Professor Magness’ other books include The Archaeology of Purity in Late Second Temple Period Judaism (manuscript under consideration with Cambridge University Press); Debating Qumran: Collected Essays on Its Archaeology (Leuven: Peeters, 2004); Hesed ve-Emet, Studies in Honor of Ernest S. Frerichs (co-edited with S. Gitin; Atlanta: Scholars Press, 1998); and Jerusalem Ceramic Chronology circa 200-800 C.E. (Sheffield: Sheffield Academic, 1993). In addition, she has published numerous articles in journals and edited volumes. Her research interests, which focus on Palestine in the Roman, Byzantine, and early Islamic periods, include ancient pottery, ancient synagogues, Qumran and the Dead Sea Scrolls, and the Roman army in the East. Professor Magness has participated on 20 different excavations in Israel and Greece, including co-directing the 1995 excavations in the Roman siege works at Masada. From 1997 to 1999 she co-directed excavations at Khirbet Yattir in Israel. From 2003 to 2007 Professor Magness codirected excavations in the late Roman fort at Yotvata, Israel (now in the process of publication).

In 1997-1998, Professor Magness was awarded a fellowship from the American Council of Learned Societies and a fellowship in Byzantine Studies at Dumbarton Oaks in Washington, D.C. for research on The Archaeology of the Early Islamic Settlement in Palestine. In 2000-2001, Professor Magness was awarded a National Endowment for the Humanities (NEH) Fellowship for College Teachers and a Skirball Visiting Fellowship at the Oxford Centre for Hebrew and Jewish Studies for research on The Archaeology of Qumran and the Dead Sea Scrolls. In spring 2005, Professor Magness received a Fulbright Lecturing Award through the United States-Israel Educational Foundation to teach two courses at the Institute of Archaeology at the Hebrew University of Jerusalem. In 2007-2008, Professor Magness was awarded a fellowship at the School for Historical Studies at the Institute for Advanced Study at Princeton University for research on The Archaeology of Purity in Late Second Temple Period Judaism.

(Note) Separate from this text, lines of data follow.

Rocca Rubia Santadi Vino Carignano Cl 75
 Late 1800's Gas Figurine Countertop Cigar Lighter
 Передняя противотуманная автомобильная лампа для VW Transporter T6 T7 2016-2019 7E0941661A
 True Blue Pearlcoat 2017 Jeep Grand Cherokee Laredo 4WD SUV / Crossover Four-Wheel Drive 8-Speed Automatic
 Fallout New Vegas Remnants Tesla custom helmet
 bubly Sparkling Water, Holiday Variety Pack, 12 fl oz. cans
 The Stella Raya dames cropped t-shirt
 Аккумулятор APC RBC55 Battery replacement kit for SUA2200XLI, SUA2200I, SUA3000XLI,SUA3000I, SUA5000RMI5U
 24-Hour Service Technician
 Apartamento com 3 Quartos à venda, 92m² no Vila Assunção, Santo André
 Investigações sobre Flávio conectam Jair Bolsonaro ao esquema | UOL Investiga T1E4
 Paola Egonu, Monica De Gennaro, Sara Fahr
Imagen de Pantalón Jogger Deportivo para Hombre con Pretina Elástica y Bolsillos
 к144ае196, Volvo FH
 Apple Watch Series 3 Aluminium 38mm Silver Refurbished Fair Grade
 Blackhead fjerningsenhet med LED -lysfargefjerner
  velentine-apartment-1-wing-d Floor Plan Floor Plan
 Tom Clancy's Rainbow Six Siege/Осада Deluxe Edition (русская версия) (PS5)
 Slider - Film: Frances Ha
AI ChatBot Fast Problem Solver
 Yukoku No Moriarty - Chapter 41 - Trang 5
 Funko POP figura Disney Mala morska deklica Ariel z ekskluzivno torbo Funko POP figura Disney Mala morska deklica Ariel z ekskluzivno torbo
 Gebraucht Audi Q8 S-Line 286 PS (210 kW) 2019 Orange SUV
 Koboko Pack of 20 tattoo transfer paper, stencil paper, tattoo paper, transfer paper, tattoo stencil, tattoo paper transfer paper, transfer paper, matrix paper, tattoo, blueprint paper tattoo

Professor Magness is a member of the Managing Committee of the American School of Classical Studies at Athens and the Program Committee of the Society of Biblical Literature. She has also been a member of the Board of Trustees of the W.F. Albright Institute of Archaeological Research in Jerusalem (and past Vice-President), the Governing Board of the Archaeological Institute of America (AIA), and the Board of Trustees of the American Schools of Oriental Research. She served as President of the North Carolina Society of the AIA and the Boston Society of the AIA.